EXERCISE INSTRUCTIONS.
Within the listing that follows, reproduce exactly the lines starting at the line with "Women Kurta With Palazzo And Dupatta" and ending at the line with "potret Ridho DA", inclusive, and only those. Pictures are dropped.

SOURCE RECORDS.
-- Opening Marker --
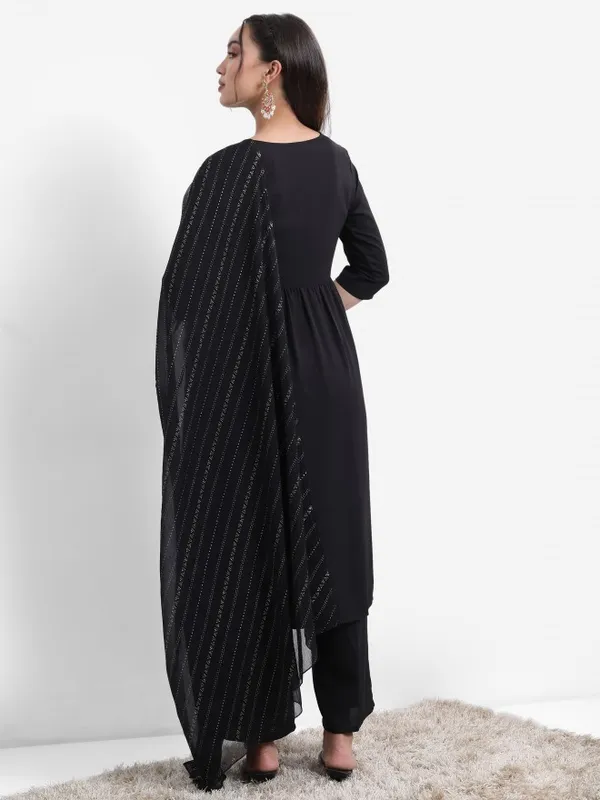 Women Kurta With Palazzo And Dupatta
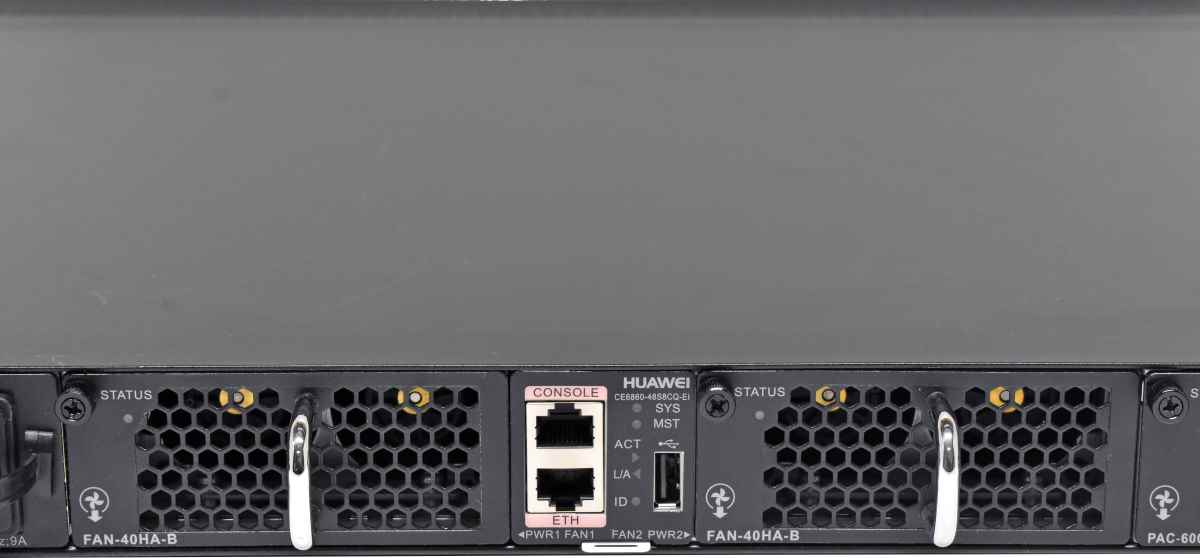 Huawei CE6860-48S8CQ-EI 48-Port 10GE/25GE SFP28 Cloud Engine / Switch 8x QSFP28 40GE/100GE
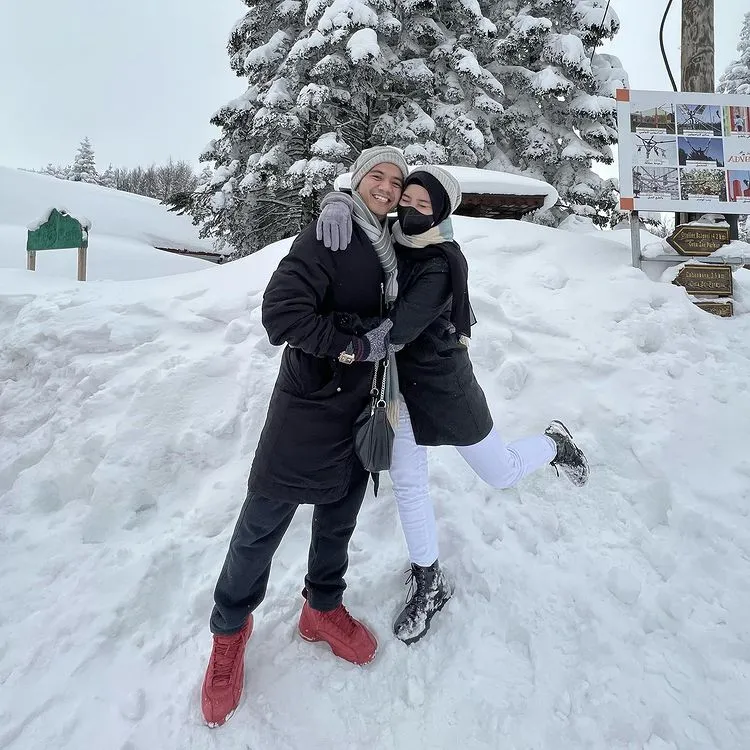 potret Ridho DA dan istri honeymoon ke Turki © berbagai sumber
-- Closing Marker --
-- Opening Marker --
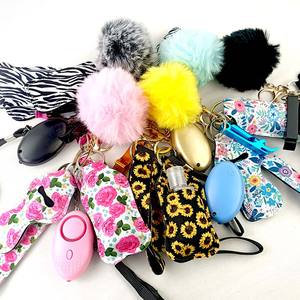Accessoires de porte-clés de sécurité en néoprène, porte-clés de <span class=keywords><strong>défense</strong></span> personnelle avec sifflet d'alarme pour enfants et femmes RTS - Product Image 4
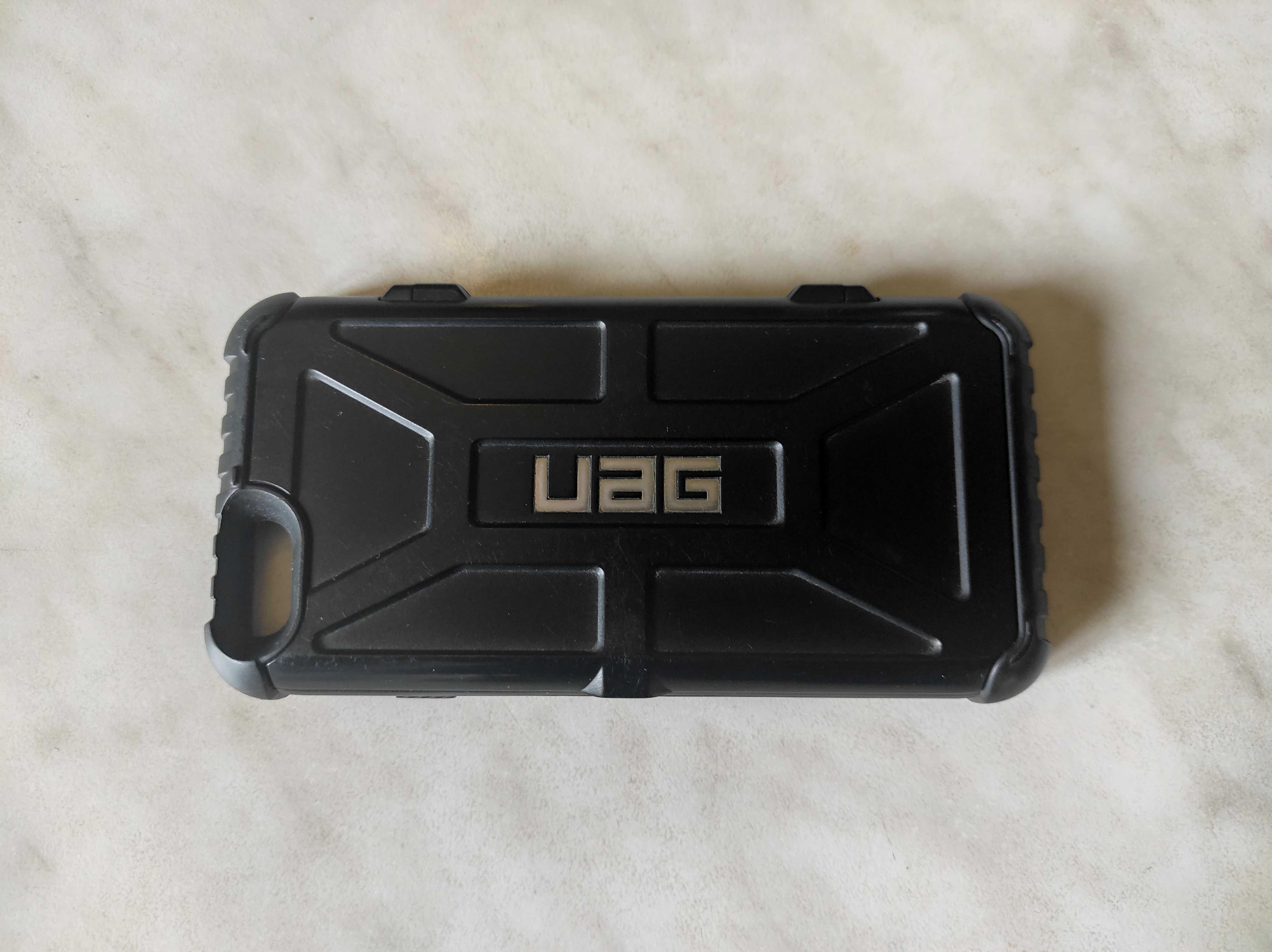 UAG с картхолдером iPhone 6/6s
-- Closing Marker --
SOLUTION TO THIS PROBLEM.
 Women Kurta With Palazzo And Dupatta
 Huawei CE6860-48S8CQ-EI 48-Port 10GE/25GE SFP28 Cloud Engine / Switch 8x QSFP28 40GE/100GE
 potret Ridho DA dan istri honeymoon ke Turki © berbagai sumber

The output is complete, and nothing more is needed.